We also investigated the associations between absolute weight change groups and hypertension risk and blood pressure levels. To test the robustness of our results, we treated absolute weight changes as continuous variables, while using the stable weight group as a reference for the absolute weight change groups. Restricted cubic splines with three knots (25th, 50th, and 75th centiles) were applied to flexibly model the potential dose-response relationships between weight change from young to middle adulthood and hypertension risk and blood pressure levels, while avoiding overfitting. We adjusted these analyses for all covariates in the full multivariable model. Finally, we ran sensitivity analyses to compare characteristics between the study sample and participants without recalled weight at age 25.
We used Stata, version 15.0 (StataCorp LLC, College Station, Texas, USA) and R, version 4.5.0 (R Core Team, Vienna, Austria) for all the statistical analyses. A two-sided P ≤ 0.05 indicated statistical significance.
RESULTS
Participant characteristics
The average age among the 56 459 participants was 53.34 years (SD = 7.38), with 61.04% being female (Table 1). The mean BMI was 22.21 kg/m^2^ at age 25, and 25.97 kg/m^2^ at the time of the survey. Overall, from age 25 years to their middle age, 26.75% of participants kept stable normal weight, 45.06% were in the maximum overweight group, 1.98% were in the stable obesity group, 25.05% transitioned from non-obesity to obesity with an average weight gain of 19.53 kg, while only 1.15% transitioned from obesity to non-obesity, having lost an average of 9.84 kg.
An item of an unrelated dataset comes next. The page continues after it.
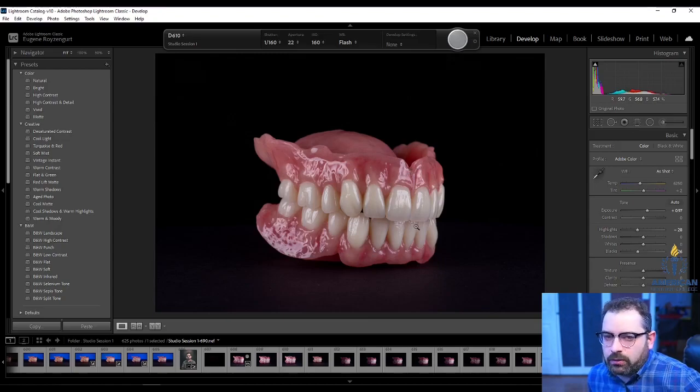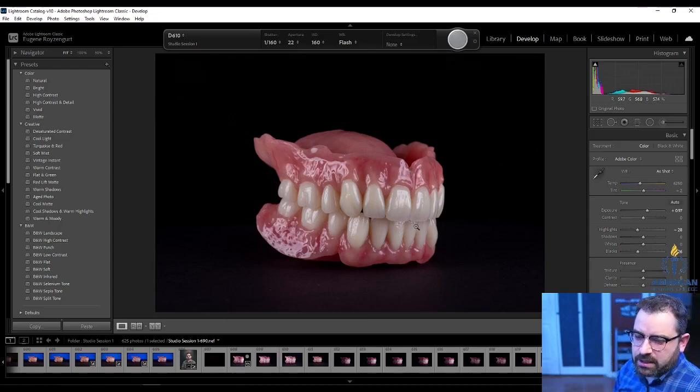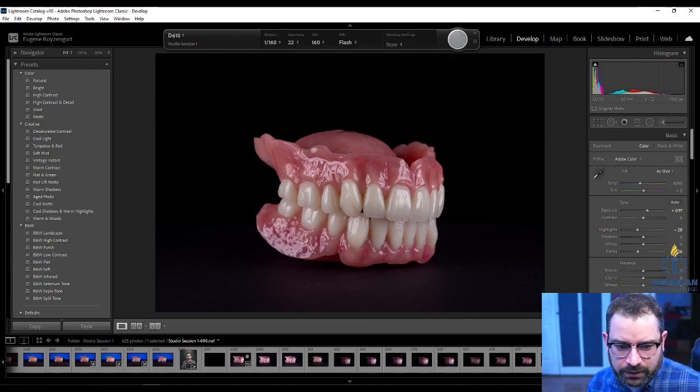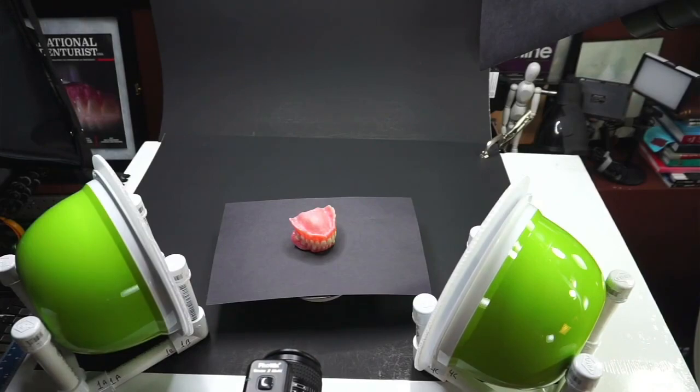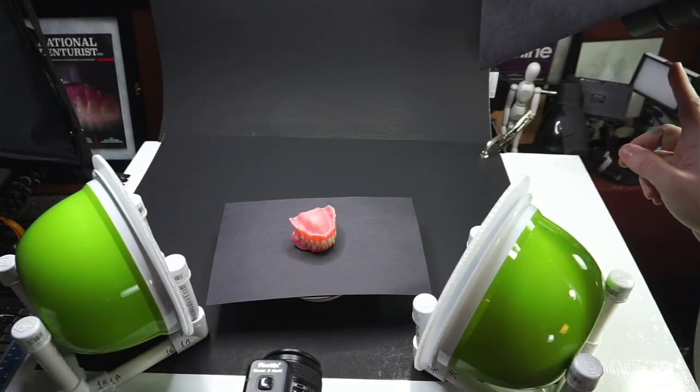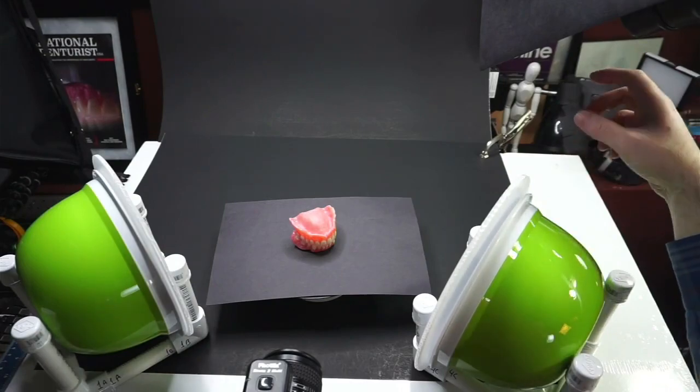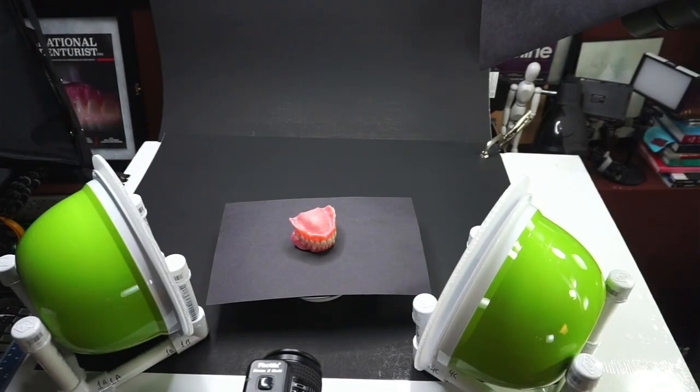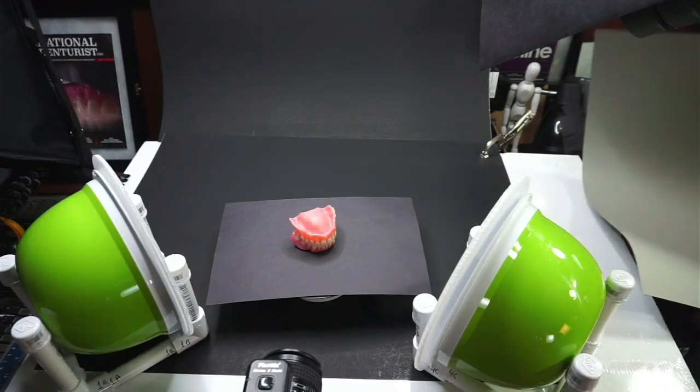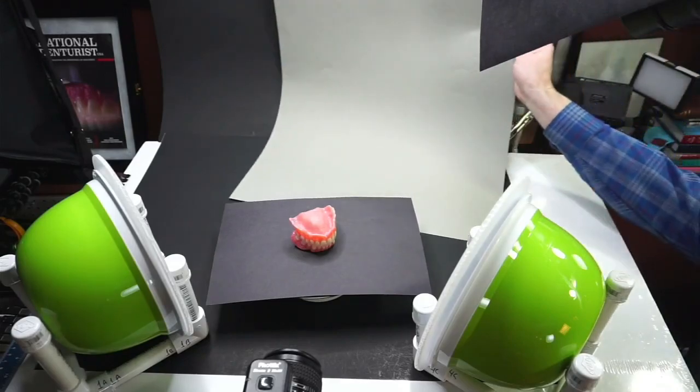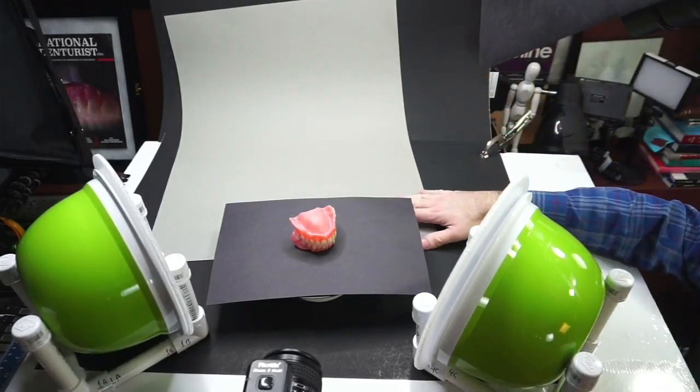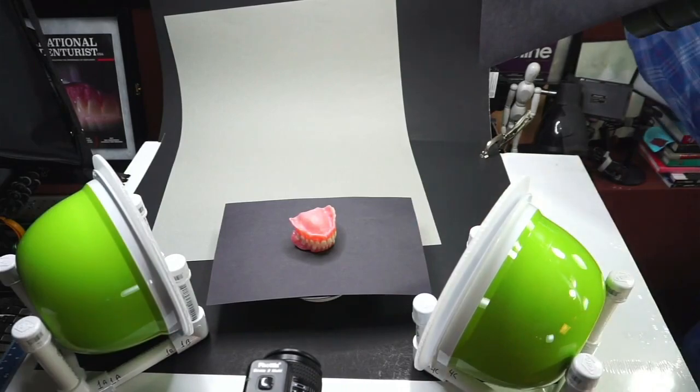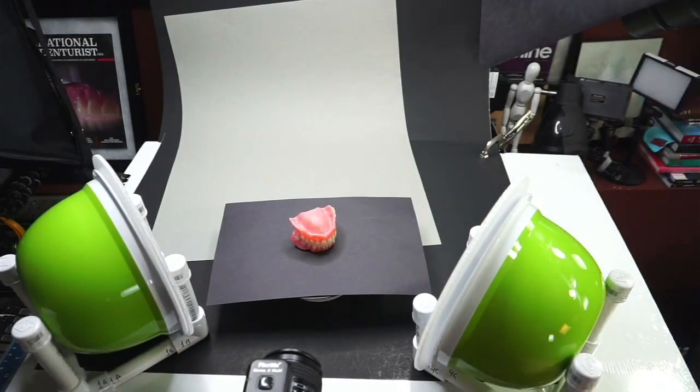But oftentimes what I also will do with my setup is actually use a colorized background. What you guys don't see is I have a strobe right on top of my desk right here. It's got a snoot on it and it's got a color gel. It doesn't reflect very well on a black background and it reflects a bit too much on a white background. But if I put a gray background back there, it will work actually pretty good. And let me show you what happens.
Overall, participants gained 9.90 kg in weight from the age of 25 years to the time of the survey.
Associations of weight status with blood pressure
When stratified by BMI categories at the age of 25 years in the fully adjusted model, underweight was negatively associated with SBP (correlation coefficient (β) = −1.88; 95% confidence interval (CI) = −2.72, −1.03; P < 0.001), while overweight (β = 2.91; 95% CI = 2.38, 3.44; P < 0.001) and obesity (β = 6.38; 95% CI = 5.18, 7.57; P < 0.001) were positively associated with SBP. We arrived at similar findings for BMI at age 25 years and DBP (underweight: β = −1.12, 95% CI = −1.61, −0.64; P < 0.001; overweight: β = 1.37, 95% CI = 1.07, 1.67; P < 0.001; obesity: β = 3.06; 95% CI = 2.39, 3.74; P < 0.001). Furthermore, individuals who were overweight (OR = 1.37; 95% CI = 1.29; 1.46, P < 0.001) and obese (OR = 2.14; 95% CI = 1.85, 2.48; P < 0.001) had a higher risk of hypertension, whereas being underweight was negatively associated with hypertension (OR = 0.79; 95% CI = 0.72, 0.87; P < 0.001). We noted similar results when we assessed the associations between BMI at survey and blood pressure (Table S1 in the Online Supplementary Document).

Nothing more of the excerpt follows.